En la colonia Panamericana, a un lado de Soriana Híper, encontramos una gran calle, algo escondida y no muy transitada, la Estebanico. Atravesándola está la De Estebanico, lo que resulta curioso, pues prácticamente ambas vías están enganchadas y llevan el mismo nombre, con la única diferencia de la preposición “de”. Dos cuadras después se encuentra la avenida Fray Marcos de Niza, lo que tiene lógica si consideramos los párrafos anteriores, pues el esclavo mensajero estuvo bajo las órdenes del religioso.

Las arterias contiguas también llevan por nombre el de algún fraile.
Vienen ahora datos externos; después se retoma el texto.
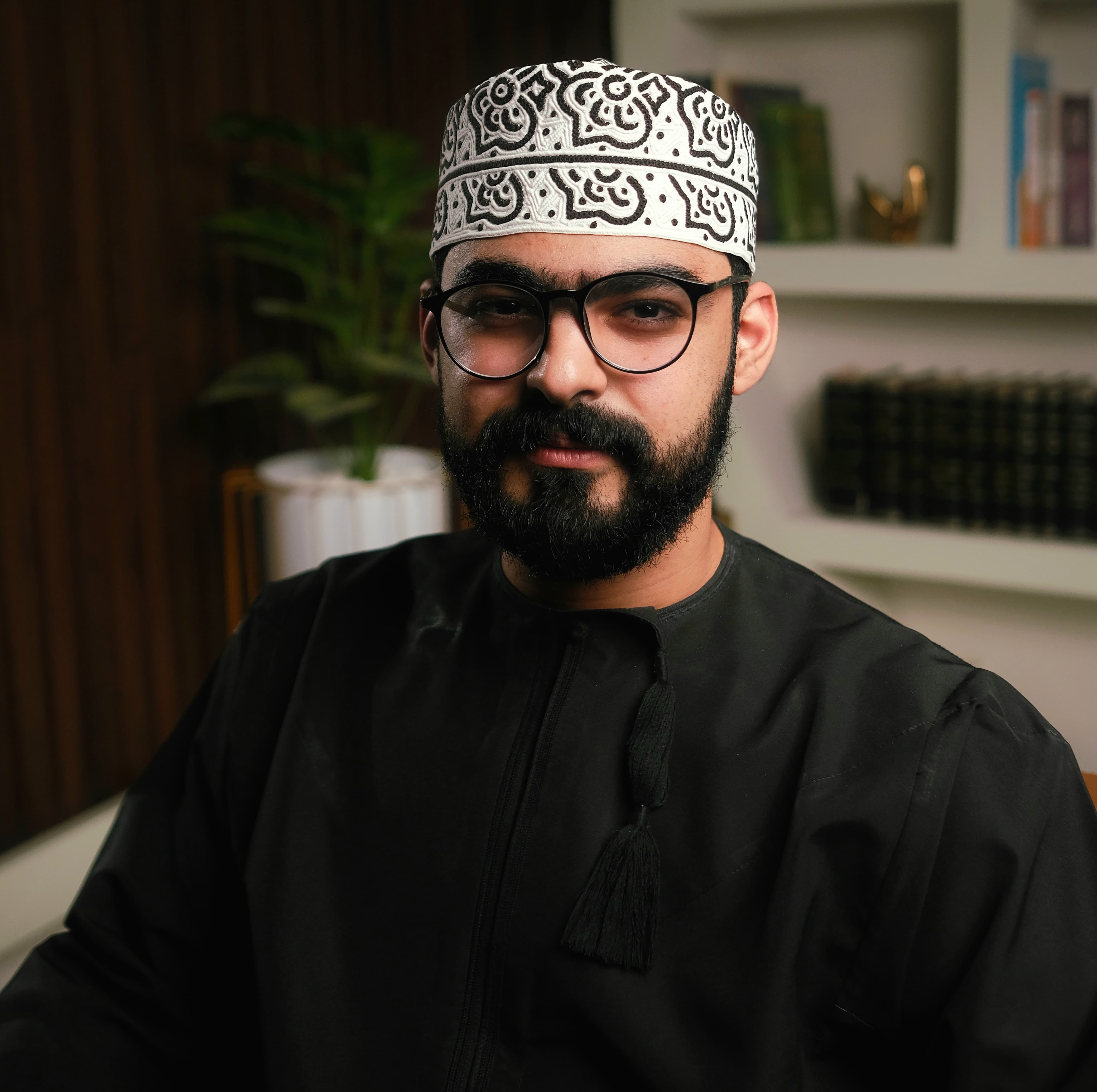 Marwan Image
Llama la atención, que en esta configuración, el explorador se encuentre a la par de los curas, amén de la igualdad. El contraste entre las casas de esta calle resulta evidente, ya que mientras algunas están deshabitadas y deterioradas, otras conservan su colorido y vida. Por ello, habría que seguirle la pista a esta calle que lleva por nombre el del marroquí buscador de maravillas, o mejor, creer que cuando envió aquella cruz grande lo hizo porque en la arena del paisaje desértico encontró la ciudad aurea que tanto buscaba.